WHAT TO WORK ON
Reproduce the listing in full. Omit the pictures.

INPUT DATA
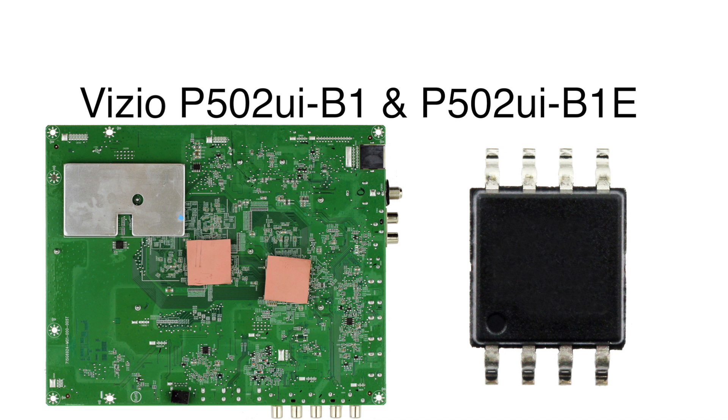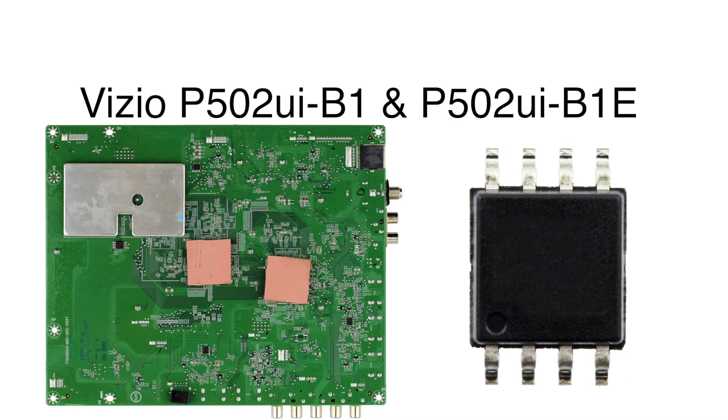The following Vizio TV models that we have listed on the screen have a common problem of no backlights in the TV. Typically when this symptom happens it is most likely a problem with the LED strips, but in these models that we have listed we have discovered that if the TV has no backlights it is most likely a problem with a component on the main board.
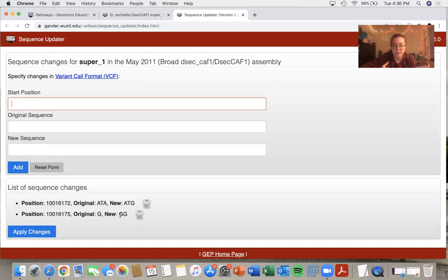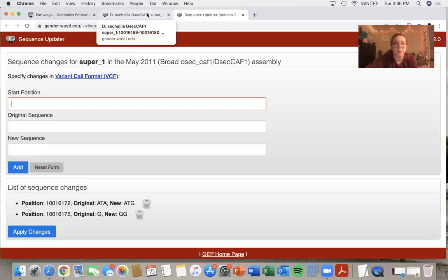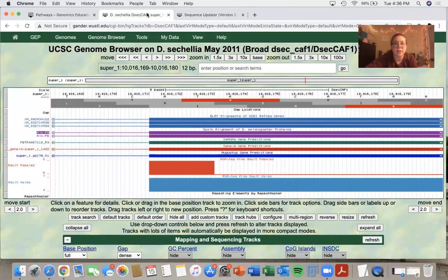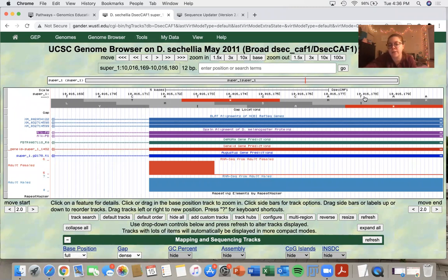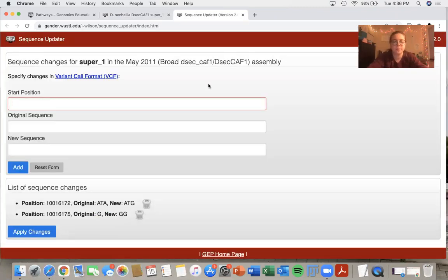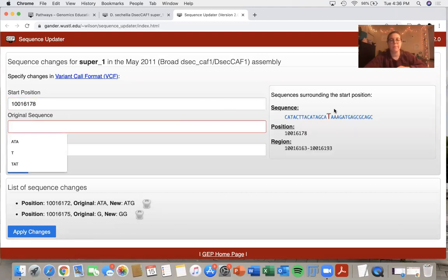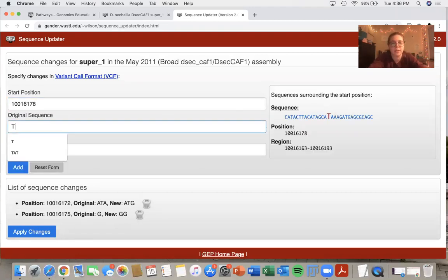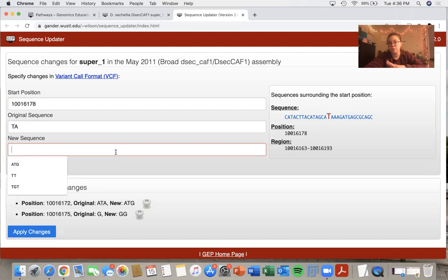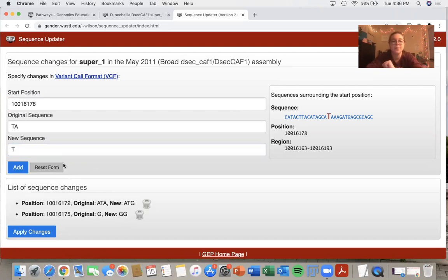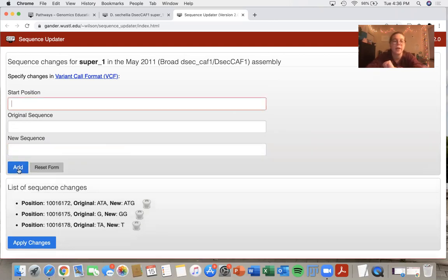So the next change that I want to create is a deletion. Say I have a sequence at 10,016,178, that is T and then A. So I'll go here. I can see that my T is highlighted. So my original sequence is T, A. And for some reason, I thought that the A was not correct. I would just want to submit a T and I would add that.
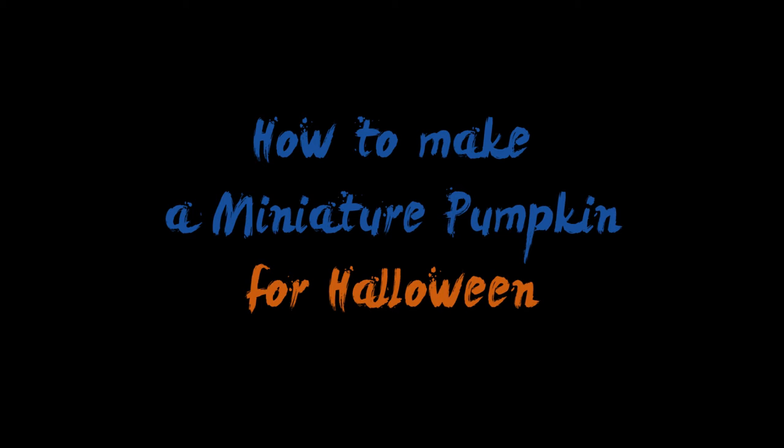Hello guys! In this video I'm going to show you how to make a carved pumpkin out of polymer clay.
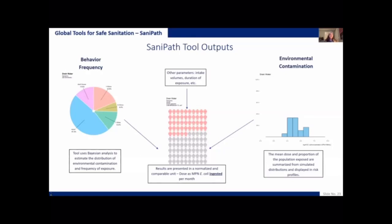The shade of red, the color of red, shows the magnitude of the exposure, or how much E. coli they are exposed to through this particular pathway. This common metric of exposure to E. coli, which is an indication of fecal contamination exposure, allows you to compare the different pathways — for example, the risks of drain water to the risks of contaminated municipal water or the risks of contact with flood water.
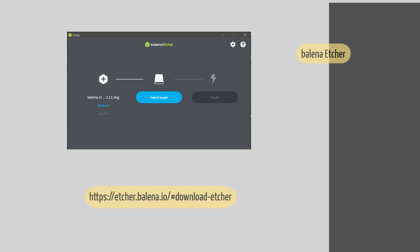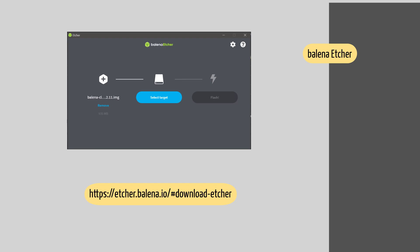The image has to be transferred using an image flashing software. For this we will use Etcher. Download it from https://etcher.balena.io.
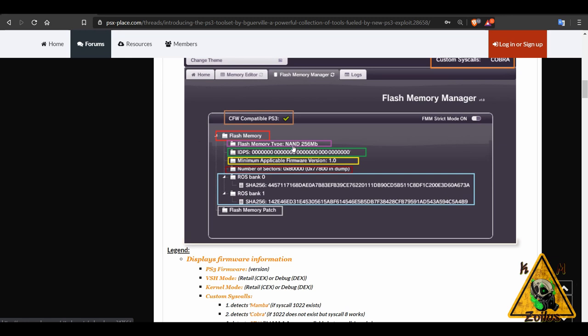It also tells you whether your PS3 is a NOR or NAND. It gives you your console ID, tells you the minimum firmware that this PS3 is capable of. So if it is a PS3 that can be fully jailbroken, I believe you get the green check mark. If it's not and it's not capable of being fully jailbroken, then I believe you get an X. That's something again I'll have to check out during the tutorials.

ANSWER AREA
The following Vizio TV models that we have listed on the screen have a common problem of no backlights in the TV. Typically when this symptom happens it is most likely a problem with the LED strips, but in these models that we have listed we have discovered that if the TV has no backlights it is most likely a problem with a component on the main board.
So the next change that I want to create is a deletion. Say I have a sequence at 10,016,178, that is T and then A. So I'll go here. I can see that my T is highlighted. So my original sequence is T, A. And for some reason, I thought that the A was not correct. I would just want to submit a T and I would add that.
Hello guys! In this video I'm going to show you how to make a carved pumpkin out of polymer clay.
The shade of red, the color of red, shows the magnitude of the exposure, or how much E. coli they are exposed to through this particular pathway. This common metric of exposure to E. coli, which is an indication of fecal contamination exposure, allows you to compare the different pathways — for example, the risks of drain water to the risks of contaminated municipal water or the risks of contact with flood water.
The image has to be transferred using an image flashing software. For this we will use Etcher. Download it from https://etcher.balena.io.
It also tells you whether your PS3 is a NOR or NAND. It gives you your console ID, tells you the minimum firmware that this PS3 is capable of. So if it is a PS3 that can be fully jailbroken, I believe you get the green check mark. If it's not and it's not capable of being fully jailbroken, then I believe you get an X. That's something again I'll have to check out during the tutorials.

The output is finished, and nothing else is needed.